Was hat denn dann noch der Veranstalter zu tun? Die Besucher sind ja nicht schutzlos, weil es ja immer noch den Hauptverantwortlichen – also den Veranstalter – gibt.

Also:

Der Veranstaltungsleiter ist “nur” – wenn er überhaupt wirksam dazu bestellt wurde – für die baurechtliche Sicherheit mit-verantwortlich.

Situative Mitverantwortlichkeit?

Ich schreibe bewusst, dass er mit-verantwortlich ist: Denn ihn kann logischerweise auch nur eine situative bzw. temporäre bzw. selektive Verantwortlichkeit treffen. Schauen wir uns ein Beispiel an:

Ein Beispiel
Die Versammlungsstätte besteht aus mehreren großen Sälen und Räumen. Beim Betreiber arbeiten mehrere Angestellte, es finden jeden Tag Veranstaltungen statt. Bei der Veranstaltungsleitung wechseln sich die eingearbeiteten und unterwiesenen Mitarbeiter täglich ab. Am 15. April soll Frau Angela Musterfrau, eine Mitarbeiterin des Betreibers, die Veranstaltungsleitung übernehmen. Es findet eine Veranstaltung in einem Saal statt.

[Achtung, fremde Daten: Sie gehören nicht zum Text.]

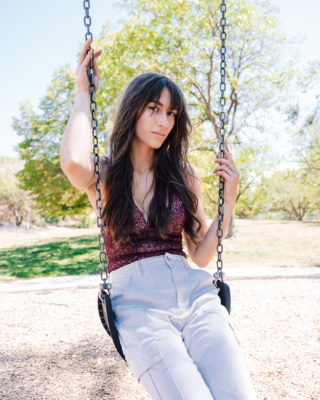 After growing up as a self-professed “choir and theater nerd” in Denver, Nicole cut her teeth in the independent Utah County scene while she attended BYU’s music program.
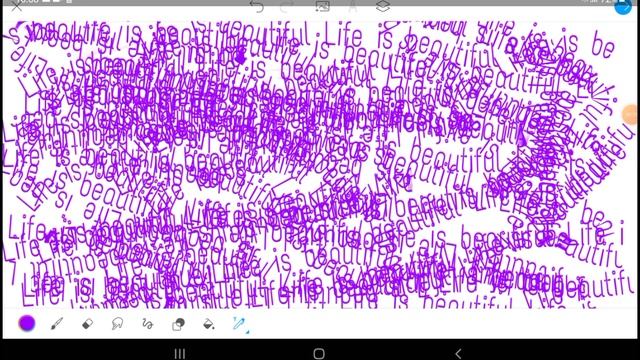 как на рисовать огромный текст описария с украшением смотреть онлайн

Niemand wird ernsthaft erwarten, dass unsere Frau Musterfrau nun bei Arbeitsbeginn am 15. April die komplette Versammlungstätte untersucht: Sind bspw. die Vorhänge aller Säle aus mindestens schwer entflammbarem Material?

An dem Beispiel sieht man: Derart absolut kann die Verantwortlichkeit nicht gewollt sein.